- _TASK BRIEF_: In the entries below, find the line with "Cantareata de jazz, Luiza", then set it down exactly along with each line after it to the end, skipping any pictures.

RECORDS SUPPLIED: Begin

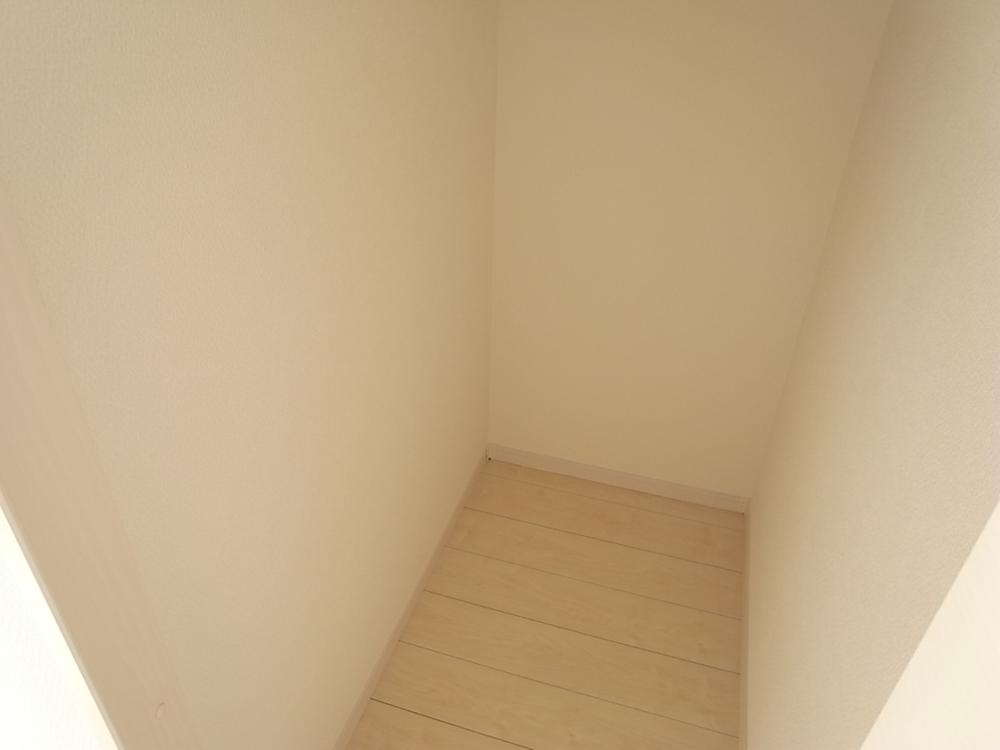 Receipt. Walk-in closet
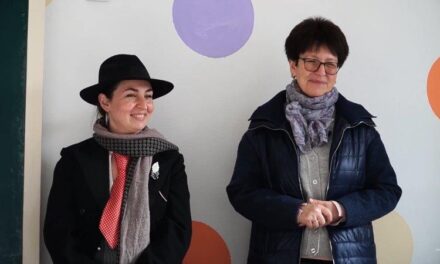 Cantareata de jazz, Luiza Zan, a inaugurat Școala Primară și Grădinița „Reményik Sándor” din Alungeni, renovată de Asociația BookLand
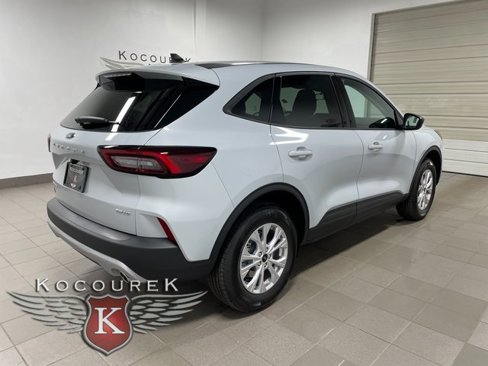 New 2025 Ford Escape Active image 6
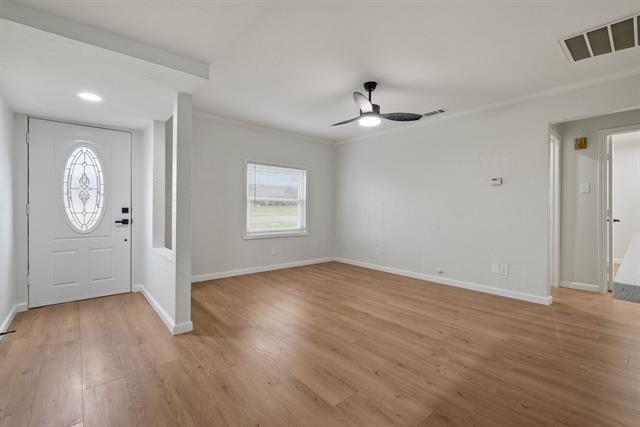 Building Photo - 330 W Vinyard Rd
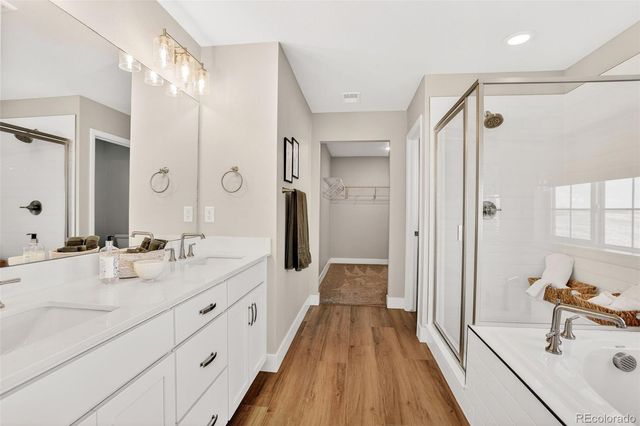 7318 S Yantley Way, Aurora, CO 80016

RECORDS SUPPLIED: End

- _THE ANSWER_:
 Cantareata de jazz, Luiza Zan, a inaugurat Școala Primară și Grădinița „Reményik Sándor” din Alungeni, renovată de Asociația BookLand
 New 2025 Ford Escape Active image 6
 Building Photo - 330 W Vinyard Rd
 7318 S Yantley Way, Aurora, CO 80016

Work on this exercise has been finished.